What the exercise asks> Your answer must be an exact copy of the data below, minus any pictures.

Dataset extract>
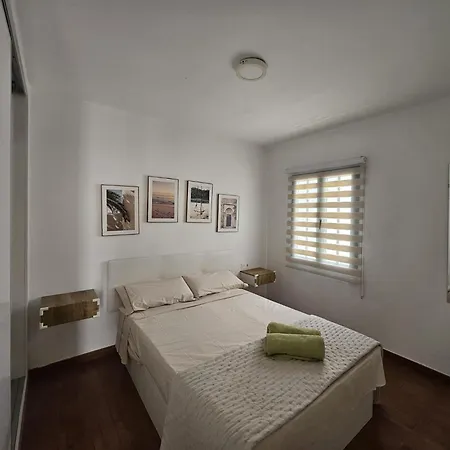 Ideal 3 Apartment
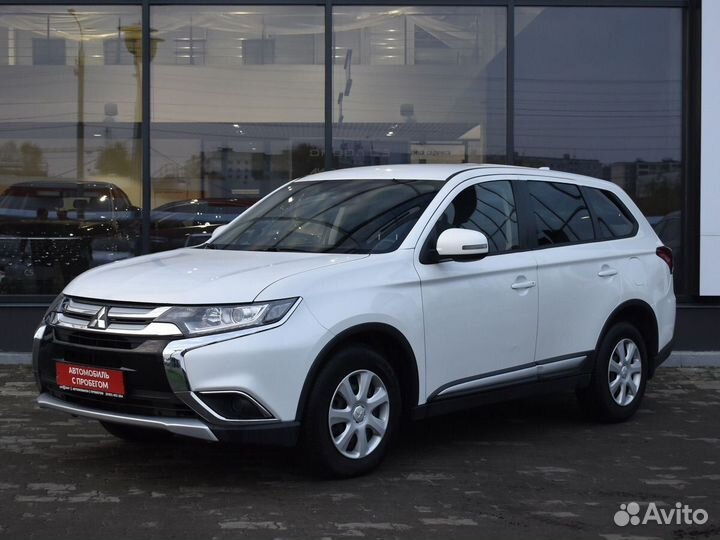 Mitsubishi Outlander 2 CVT, 2017, 123 460 км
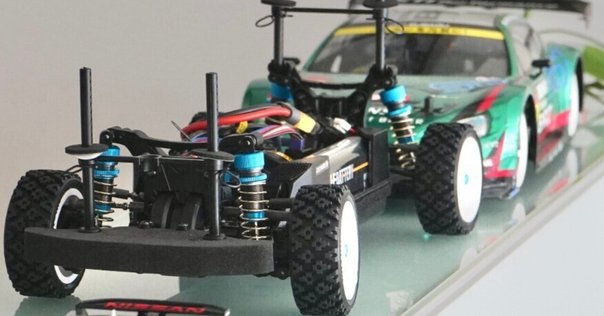 ラジコンのDT-03（レーシングーファイター）をアルファタウリ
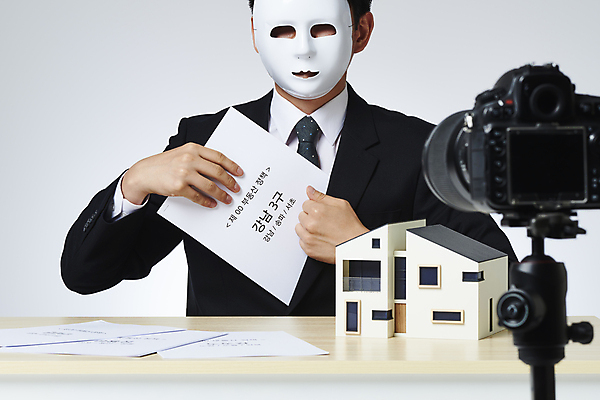 포토 JPG 스튜디오촬영 남자 부동산 안내 실내 가면 한명 들기 상반신 20대 성인 앞모습 카메라 한국인 흰배경 문서 건축모형 부동산거래 넣기 부동산시장 부동산전문가 부동산정책 부동산투자 분양 불법 신도시 아파트분양 재개발 성인남자한명만 크리에이터 1인미디어 영상촬영 부동산투기 국내포토 직업 1 뷰포인트 백그라운드 모션 아파트 사람 동양인 청년 내부 전자제품 모형 촬영 흰색 도시 범죄 시장 재산 전문직 투자 방송 정책 남자한명만 성인남자만 파일형식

Reply to the exercise>
 Ideal 3 Apartment
 Mitsubishi Outlander 2 CVT, 2017, 123 460 км
 ラジコンのDT-03（レーシングーファイター）をアルファタウリ
 포토 JPG 스튜디오촬영 남자 부동산 안내 실내 가면 한명 들기 상반신 20대 성인 앞모습 카메라 한국인 흰배경 문서 건축모형 부동산거래 넣기 부동산시장 부동산전문가 부동산정책 부동산투자 분양 불법 신도시 아파트분양 재개발 성인남자한명만 크리에이터 1인미디어 영상촬영 부동산투기 국내포토 직업 1 뷰포인트 백그라운드 모션 아파트 사람 동양인 청년 내부 전자제품 모형 촬영 흰색 도시 범죄 시장 재산 전문직 투자 방송 정책 남자한명만 성인남자만 파일형식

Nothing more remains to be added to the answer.